Antakya Yeniden İnşa: Hibrit Model ile Yeni Bir Başlangıç mı?
Hatay Mustafa Kemal Üniversitesi'nde (HMKÜ) gerçekleştirilen çalıştayda, deprem sonrası Antakya'nın yeniden inşası için dikkat çekici bir öneri sunuldu: "Hibrit Yönetişim Modeli." TÜBİTAK 1001 programı kapsamında yürütülen "Antakya'da Deprem Sonrası Kent Kimliği ve Kentsel Hafızanın Korunması" projesi kapsamında düzenlenen çalıştayda, kentsel kimliğin ve toplumsal hafızanın korunmasının önemi vurgulandı.
Antakya'nın Yeniden İnşasında Hibrit Model Ne Anlama Geliyor?
Çalıştayda öne çıkan hibrit yönetişim modeli, yerel aktörlerin, sivil toplum kuruluşlarının, uzmanların ve merkezi yönetimin iş birliği içinde olduğu bir yönetim anlayışını ifade ediyor. Bu modelin amacı, yeniden yapılanma sürecinde Antakya'nın özgün kimliğini korumak, yerel halkın ihtiyaçlarını ve beklentilerini dikkate almak ve sürdürülebilir bir kent inşa etmek.
Peki, bu modelin avantajları neler?
- Yerel halkın sürece katılımını sağlayarak demokratik bir yeniden yapılanma süreci oluşturulması.
- Farklı paydaşların bilgi ve deneyimlerinden yararlanarak daha kapsamlı ve etkili çözümler üretilmesi.
- Yeniden yapılanma sürecinin şeffaf ve hesap verebilir bir şekilde yürütülmesi.
- Kent kimliğinin ve kültürel mirasın korunarak özgün bir Antakya yaratılması.
Kent Kimliği ve Hafızanın Korunması Neden Önemli?
Depremler, sadece fiziksel yıkıma değil, aynı zamanda kentlerin kimliğine ve hafızasına da büyük zararlar veriyor. Kentsel kimlik, bir kentin tarihini, kültürünü, mimarisini ve yaşam tarzını yansıtan özellikler bütünüdür. Kentsel hafıza ise, o kentte yaşayan insanların ortak anıları, deneyimleri ve değerleridir. Deprem gibi büyük felaketler, bu kimliği ve hafızayı yok etme riski taşıyor.

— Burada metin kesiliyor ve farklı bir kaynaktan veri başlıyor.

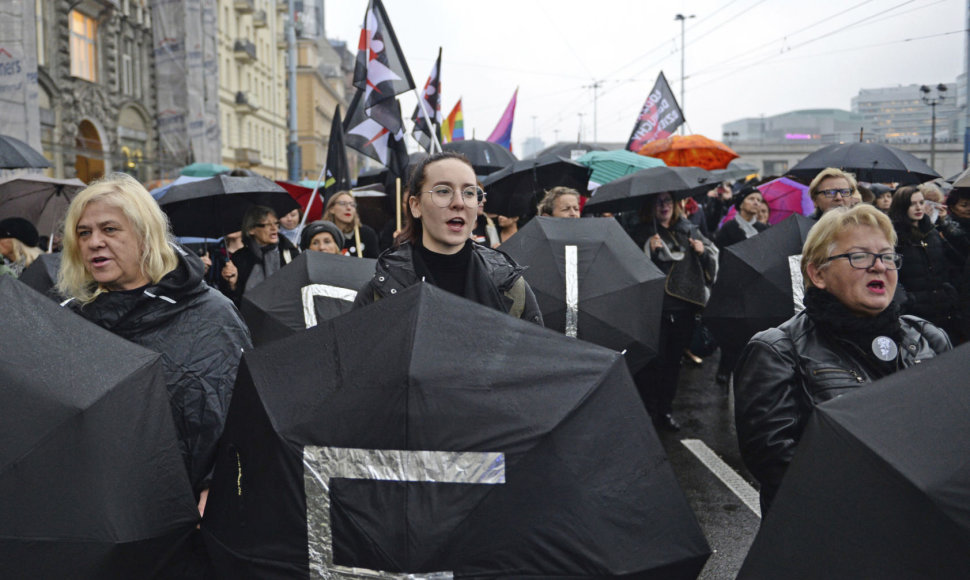 Lenkijos moterų protestas prieš abortų draudimą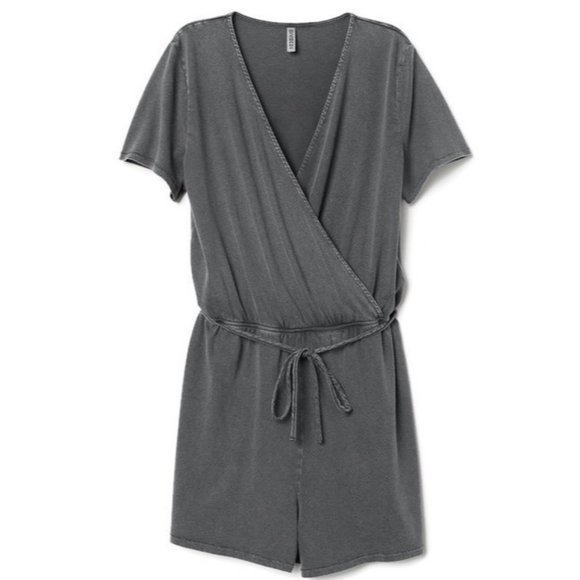 Grey Romper ▪️ Divided by H&M - Picture 3 of 10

Bu nedenle, yeniden yapılanma sürecinde kent kimliğinin ve hafızanın korunması büyük önem taşıyor. Bu, sadece tarihi yapıları restore etmekle değil, aynı zamanda kentin kültürel değerlerini yaşatmak, yerel gelenekleri desteklemek ve insanların aidiyet duygusunu güçlendirmekle de mümkün. Çalıştayda bu konunun önemi sıkça vurgulandı.
Konuyla ilgili bir uzman, "Kentler sadece binalardan ibaret değildir. Onlar, insanların yaşadığı, çalıştığı, eğlendiği, anılar biriktirdiği mekanlardır. Yeniden yapılanma sürecinde, bu mekanların ruhunu korumak, insanların yaşam kalitesini artırmak ve kente olan bağlılıklarını güçlendirmek zorundayız." şeklinde konuştu.
Antakya İçin Umut Veren Bir Model mi?
Antakya'nın yeniden yapılanma sürecinde hibrit yönetişim modelinin uygulanması, kentin geleceği için umut verici bir adım olabilir. Ancak, bu modelin başarılı olabilmesi için tüm paydaşların iş birliği içinde çalışması, şeffaf bir iletişim ortamının sağlanması ve yerel halkın katılımının teşvik edilmesi gerekiyor. Aksi takdirde, yeniden yapılanma süreci, kentin kimliğinden ve hafızasından uzaklaşmasına neden olabilir.
Sonuç olarak, Antakya'nın yeniden inşası, sadece binaların yeniden yapılması değil, aynı zamanda kentin ruhunun yeniden canlandırılması anlamına geliyor. Hibrit yönetişim modeli, bu süreçte önemli bir rol oynayabilir ve Antakya'nın özgün kimliğini koruyarak, sürdürülebilir bir geleceğe taşınmasına katkıda bulunabilir.